You’re bombarded with hundreds of advertising messages daily. They range from subtle suggestions from product placement in movies to overt pitches in your email in-box. You’ve learned to tune most of them out because they don’t apply to you. You aren’t the target market for these broadcast ads, so they become background noise.

Content is a different story. It isn’t an advertisement; it’s valuable information your customers actively seek. It’s never background noise because it reaches an interested, invested audience automatically. Unlike advertising, content carries a meaningful message to a select few prospects. Customized content is one of your most powerful tools for increasing your visibility, enhancing sales and earning a front-page spot on search engine results pages, and it works best when you find the right niche.

Impressions vs. Conversions

A large ad campaign can create an impressive number of impressions, but it may mean little for conversions. If you aren’t in the market for a new car, no amount of glossy magazine spreads or ad spots will persuade you to buy one.
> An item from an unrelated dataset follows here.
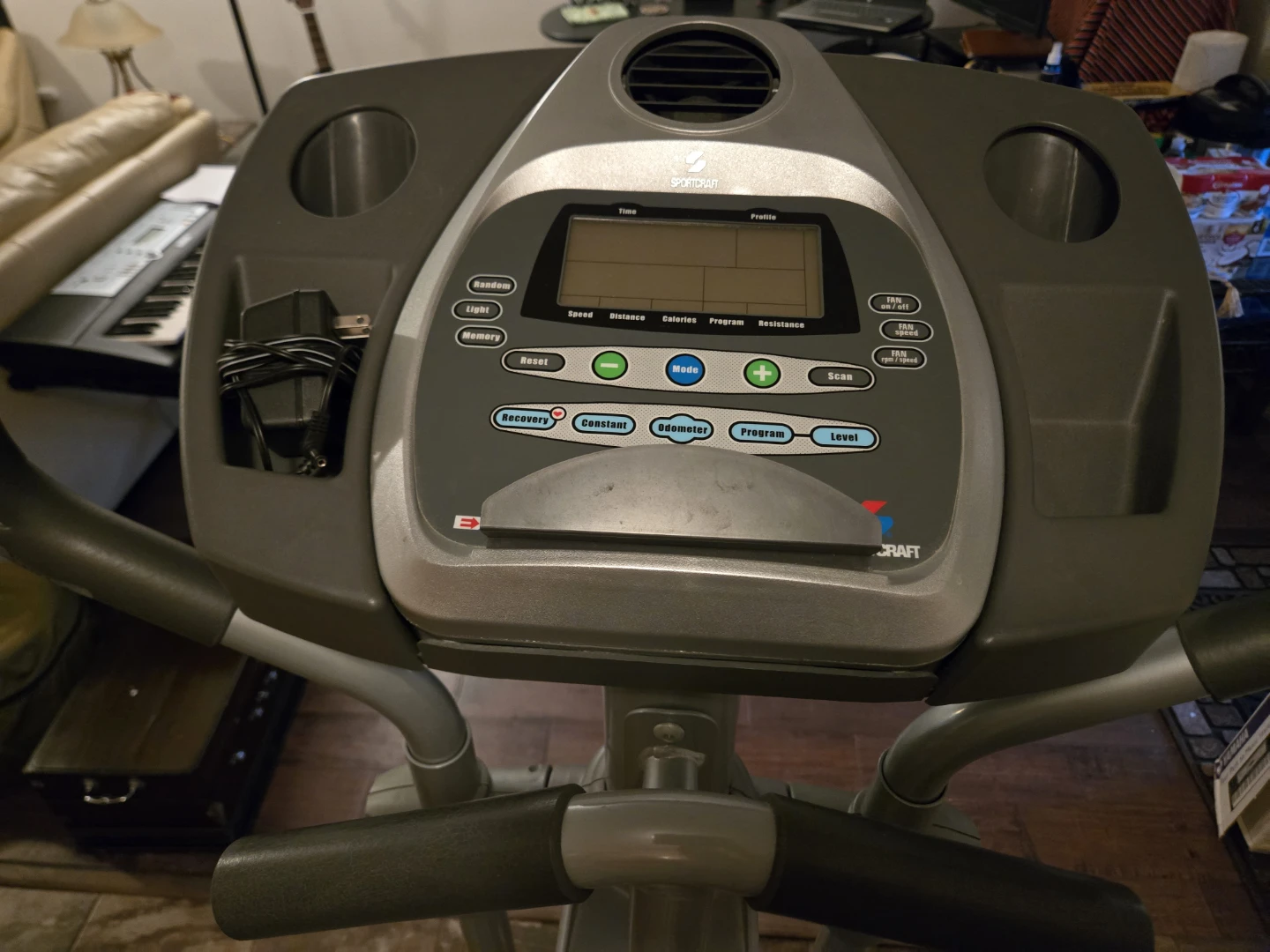 Sportcraft EX600 Elliptical Trainer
Conversions are the narrow end of your sales funnel; they represent the buyers you’ve convinced, not merely made aware of your existence. That’s the point at which niche content reaches your audience. If you were shopping for a new car, you’d notice those ads and seek more information about them – information you’d find on a company’s website, from online reviews or in feature-length articles about 2014 models.

A narrow focus returns big results because your intended audience is self-selecting to a large extent. They’re actively looking for an industry authority on what they hope to buy. Whether you sell Cadillacs or candy manufacturing equipment, your custom content should position you as an authority within that industry. The more fine-grained you make your focus and the more informative your content becomes, the higher your conversion rate goes.